Following text is a short translated summary from the press release by the Swedish Agency for Marine and Water Management. The full release is available here, in Swedish only.
The Swedish Agency for Marine and Water Management, HaV, has given Statistics Sweden, SCB, the task of obtaining data on the economic value of the sea. The report provides a basis for Sweden's efforts to implement the EU's marine environment directive, to develop sea plans for Swedish marine areas and to make comparisons with other EU countries. It is also an important survey for Hav's work on the EU Commission's strategy on blue growth and the Swedish maritime strategy.
"It is difficult to assess the total value of maritime industries, for example, much of the freight traffic by sea consists of non-Swedish flagged vessels. It is also difficult to clearly define which activities are included. But now, at least we have a starting point and statistics so that we can follow developments ahead," says Max Vretborn, investigator at HaV.
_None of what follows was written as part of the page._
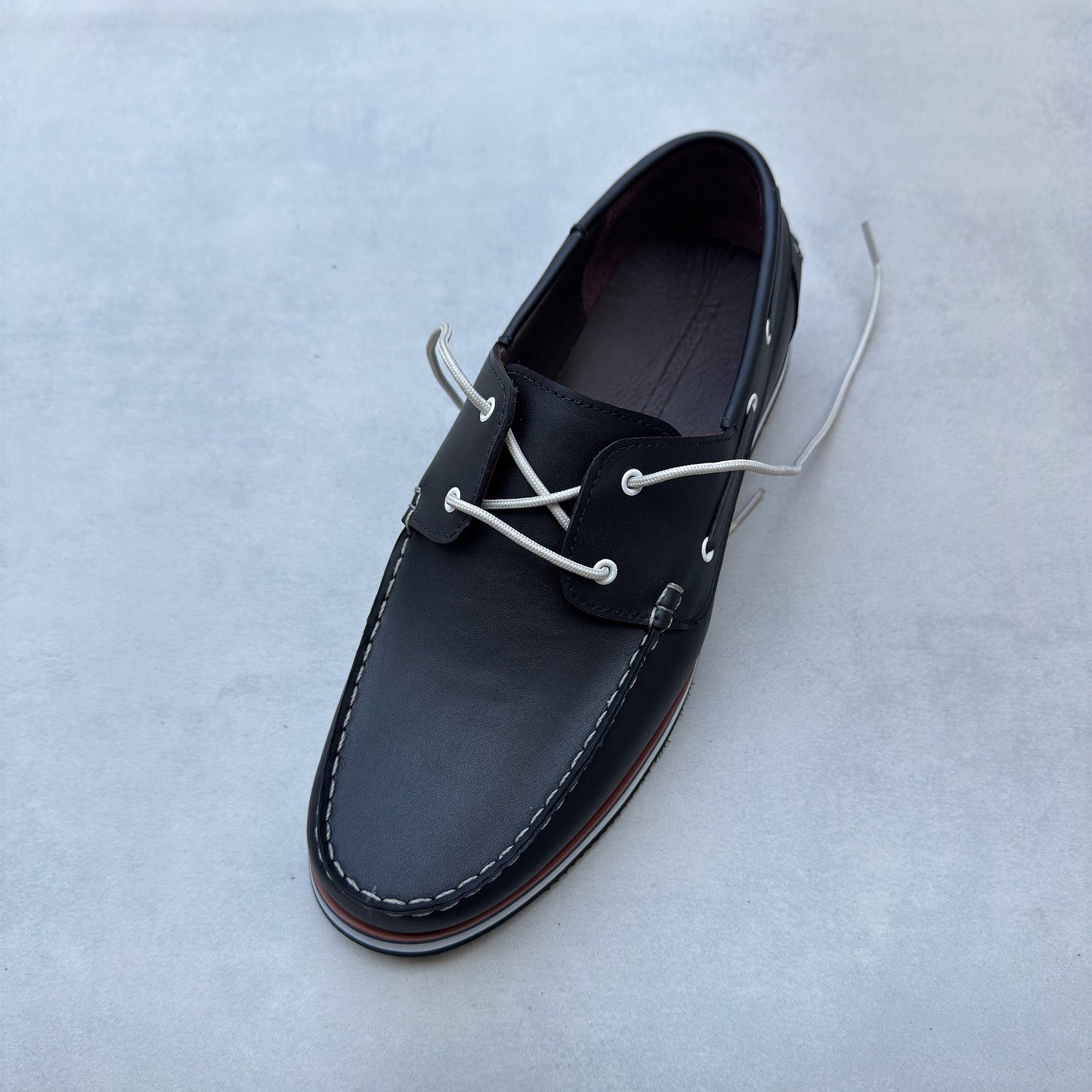 Top Sider Negro - VANZETTI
The statistics include activities that contribute to goods or services targeted at maritime activities or dependent on the sea. It also includes statistics on holiday homes in coastal areas. According to the report, maritime industries account for approximately 2.2 percent of total net sales in Sweden's business sector.
In total, more than 73,000 people employed in maritime industries, which corresponds to approximately 2.8 percent of the number of employees in Swedish business. There are almost 15,000 companies and the maritime industries represent almost 1.5 percent of total exports of goods (excluding service exports) and about two percent of the total value added in the business sector in Sweden.
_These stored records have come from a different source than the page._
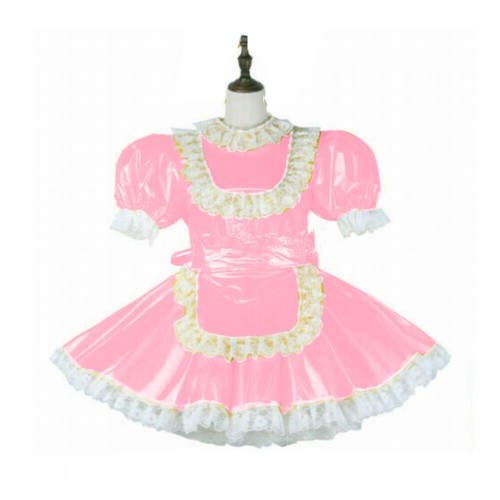 Sissy maid pvc - , lockable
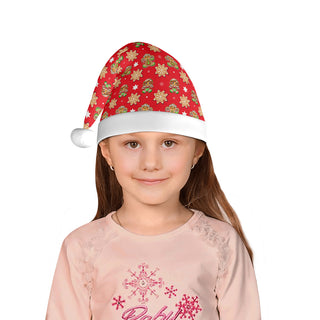 Child Plush Christmas Hat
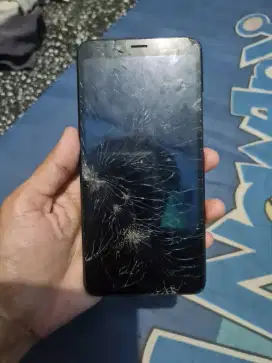 Redmi 6a minus layar ancur di cas lampu nyala mesin panas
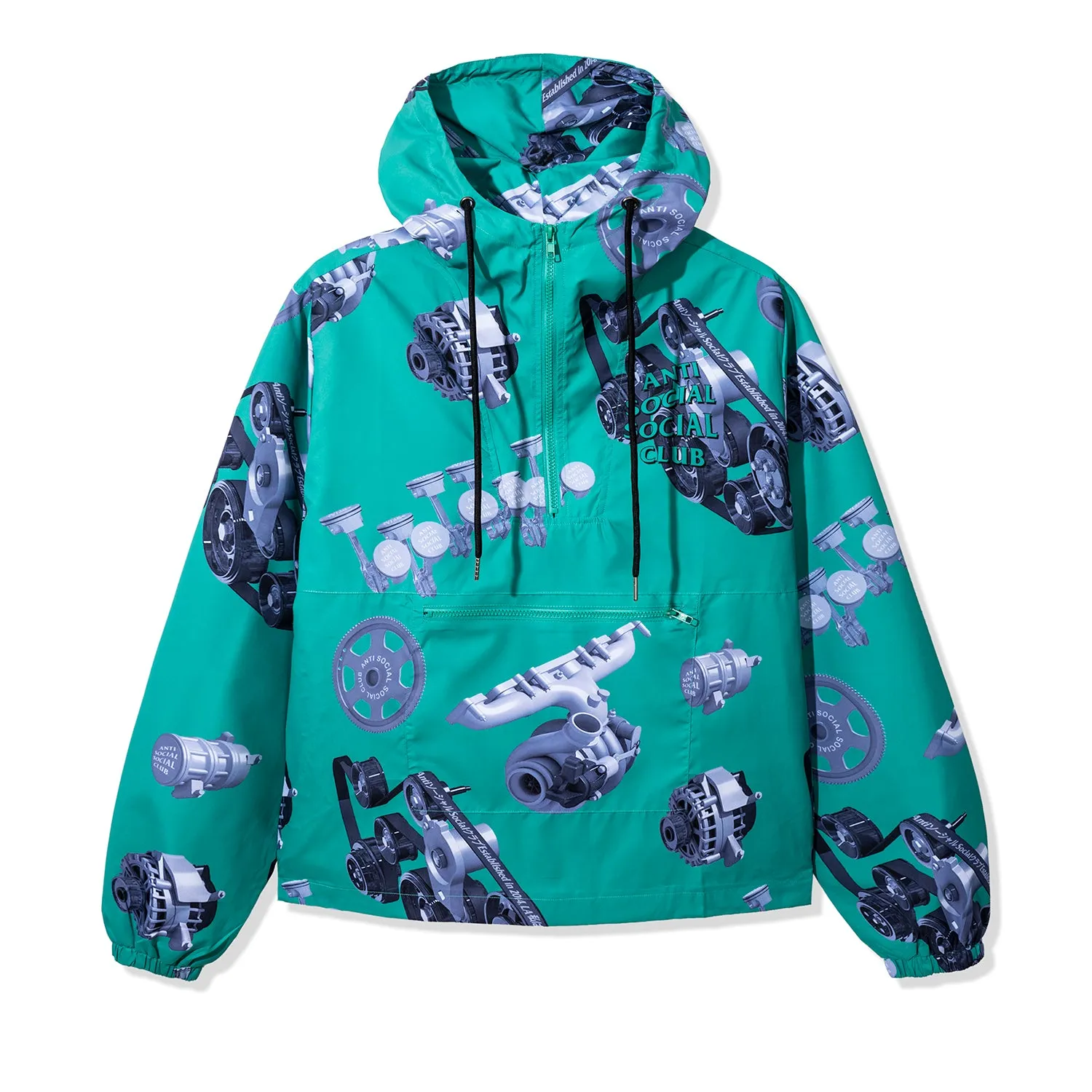 Rod Bell Anorak sold by Anti Social Social Club product image thumbnail 2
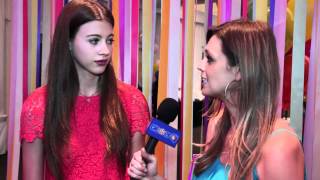 Kalia Prescott Interview - GBK, Tiger Beat & Bop KCA Gifting Lounge video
"We need to understand the maritime industries better to reach out and have a working dialogue with them. It is an important part of the work of managing our seas and being able to put in action where they make the best use."
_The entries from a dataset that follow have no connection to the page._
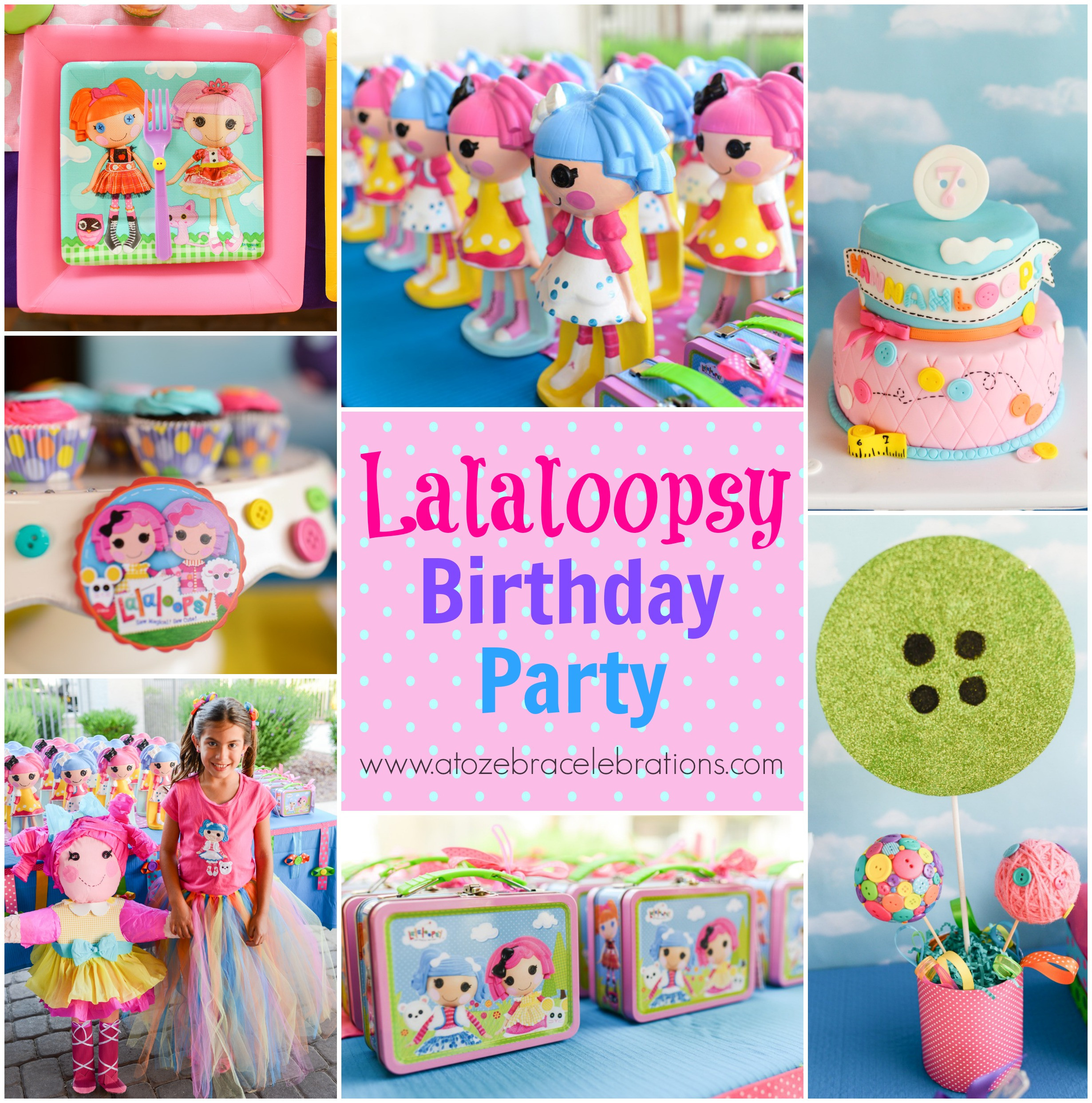 Lalaloopsy Birthday Party
 Lalaloopsy Birthday Party – Style with Nancy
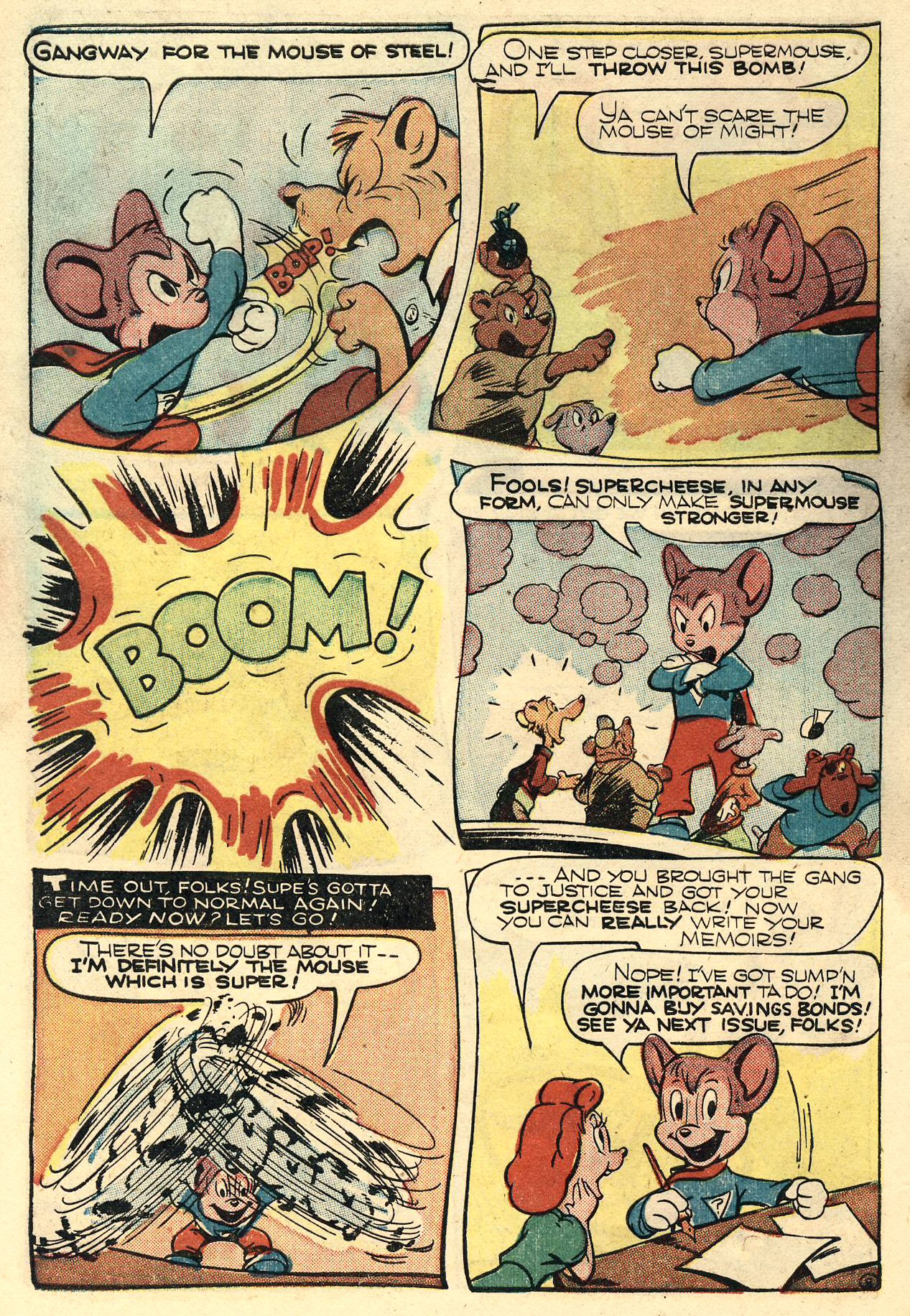 Read online Coo Coo Comics comic -  Issue #26 - 10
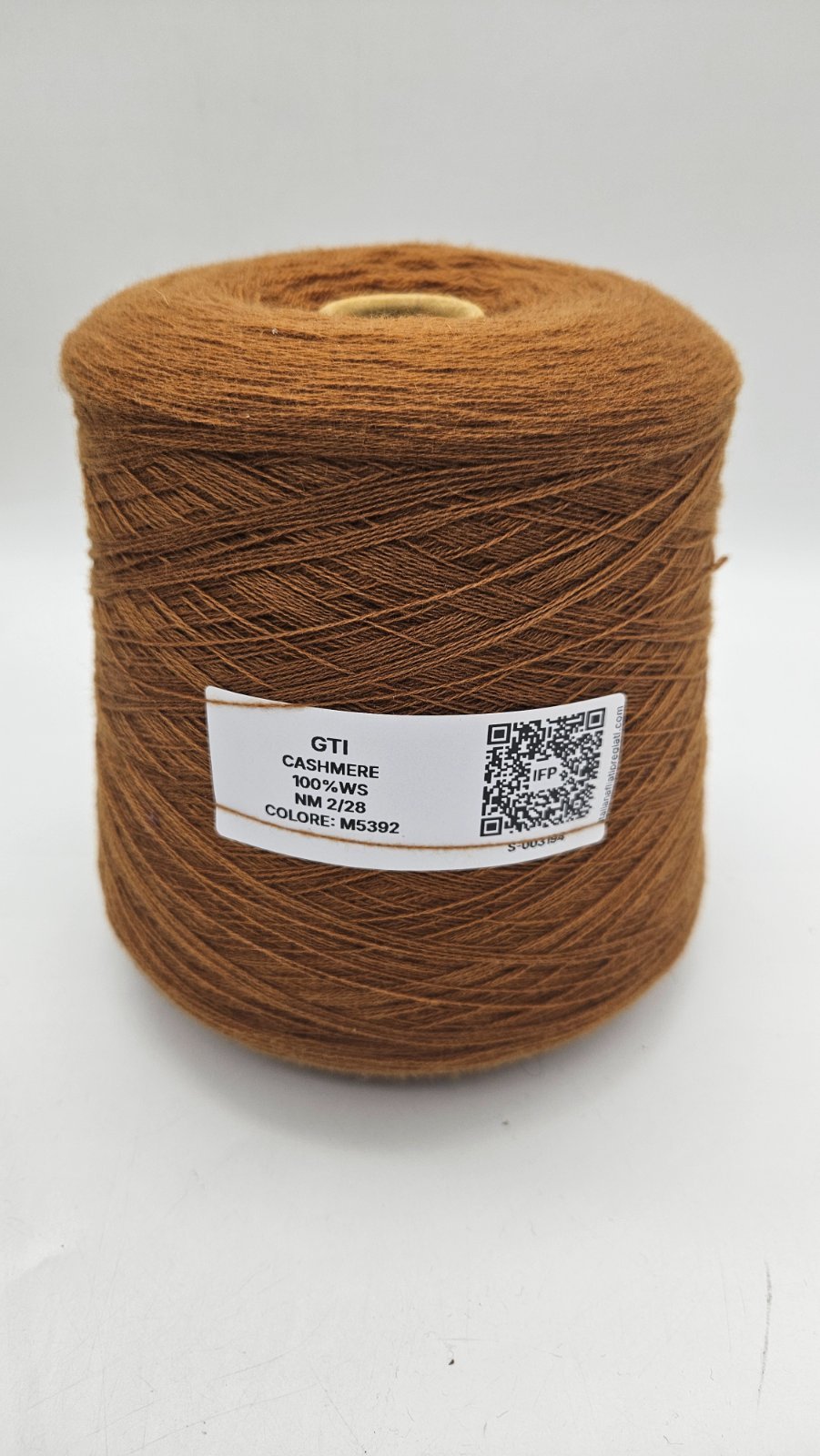 Cashmere - 100%WS yarn - by GTI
The statistics from 2014 also contain information on net sales, number of employees, companies and number of guest nights in hotels and hostels. Nutrition linked to lakes and inland, such as freshwater fishing and inland waterways, are not included in the analysis.
Activities in or relating to the North Sea account for the largest share of the total business volume, followed by the Baltic Proper (the Baltic Sea stretching from the south of Åland to the Danish Straits) and then the Gulf of Bothnia. For Sweden as a whole, maritime tourism, shipping and port operations account for the largest share of the business volume, while professional fishing accounts for only one per cent.